Tuesday, March 28, 2017

The Beauty of Memory

The Old Spring House, watercolor ©A. Rutherford
"Pioneers looked for a spring and built their homes near it. It kept their thirst (and that of their animals) satisfied and their food from spoiling. It was the only refrigeration known for years. Usually a house or building was built over the spring out of rock and a tree was planted near the door. A stone trough was built in the spring house. Through it ran cold, slow flowing spring water. Earthenware crocks of milk were placed, neck deep, in the water. It was always cool in the spring house, even in the warmest of days. A gourd dipper hung in the spring house so men coming in from the hot field could stop for a draft of cold water. The dog quenched his thirst from the overflow at the back of the spring house and a flock of ducks noisily investigated the trickling stream for tidbits.
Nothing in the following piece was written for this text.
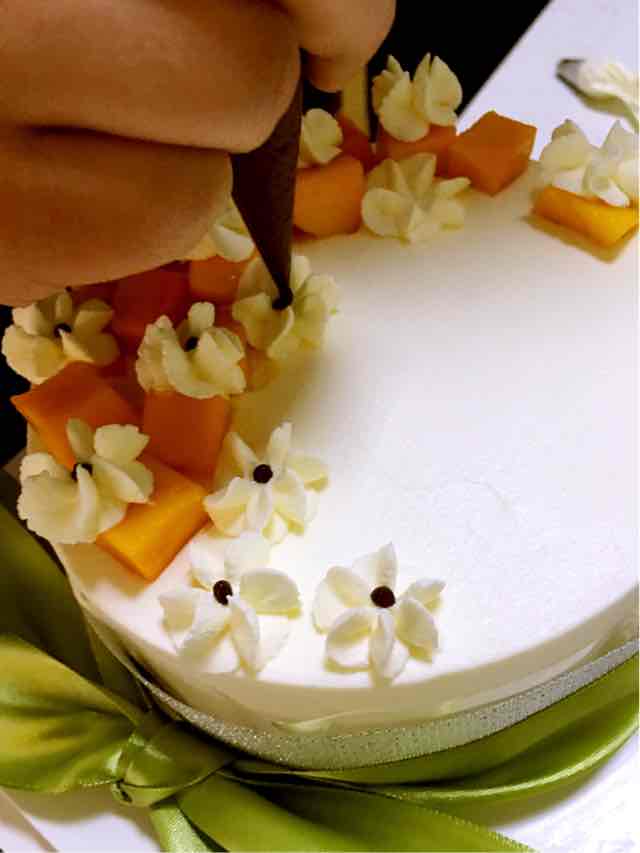 蛋糕抹面体验—山谷家美食 第20步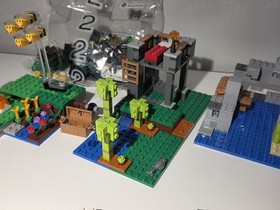 Lego Minecraft Lot - contains set #21158, 21164, 21165 and more - READ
Watercress grew in the shallows.   (Taken from The Good Old Days, The Spring House, R.J. McGinnis, F. & W. Publishing Company, Cincinnati, Ohio, page 76 


In painting this scene with an old spring house this weekend, I was set to reflecting on the old spring house on my grandparents’ farm.  What a comforting place it was for me, but also just a bit mysterious with its cool, shadowy corners and the spring that seemed to flow up out of nowhere.  As a very young child that spring seemed magical to me.
In our fast-paced society, what are the memories that will last?  Which of their experiences are shaping our children into men and women of character, sensitivity, and strength?  
Perhaps one way to ensure that our children will indeed have those life-shaping memories is to take the time to remember what kind of our own past experiences contributed to who we are today.   Or look back at your own parents and grandparents.   What were their lives like?    What were the events that contributed to all the characteristics you value in the people they were and the contributions they made to your own life or the communal life?    What kind of music did they listen to?    What books did they read?    What chores were they responsible for that gave them the work ethic that successful adults need?    How did they spend their leisure time?    What was the balance between leisure or productive activity for them?    What adversities did they face or mountains they had to climb that carved those lines of character that you see in their faces?    What did they love, and how did they love?  
What were the simple joys that nurtured them?    I know in my own family, there was not the incessant need to be entertained or amused.    My memories are of warm family times of story-telling or playing games, gathering around a dinner table filled with home-cooked food, helping out with whatever needed done in the house or outside.    There was time to play, but not to be idle.   Time to explore our environs, but not to waste before the TV.   Time to read or be read to, and the books were ones that inspired our imaginations or connected us to the past or nurtured our character.   And music that delighted and entertained us but that didn’t fill us with angst or wrong-thinking or over-sexualize us.
What are our children experiencing that will feed their souls and will not fade away, but remain a comfort and an inspiration throughout their lives?   What are the memories we are making with them that will stand them in good stead when the rough places in their own lives occur?    What will act for them as reminders that they must take their place in the flow of the river of time and serve with honor and courage?
How will the memories of fast food and ready-made meals linger lovingly in their minds?   What will endless hours spent on the internet or lounging in the malls contribute to their strength of character or their resourcefulness?   Or will all the structured sports activities or “enrichment” activities only contribute to their being driven adults with the incessant need to be “on the go”?
Below is a poem by Seamus Heaney, the Irish poet who received among many, many honors the Nobel Prize for Literature.  Although he was born on a farm to working class people, he became a professor at both Oxford and Harvard.
The material of his poetry was the material of his own life.  Speaking of his early life and education, he commented, "I learned that my local County Derry experience, which I had considered archaic and irrelevant to 'the modern world' was to be trusted. They taught me that trust and helped me to articulate it." 
When Heaney was awarded the Nobel Prize, the Nobel committee described his poetry as "works of lyrical beauty and ethical depth, which exalt everyday miracles and the living past."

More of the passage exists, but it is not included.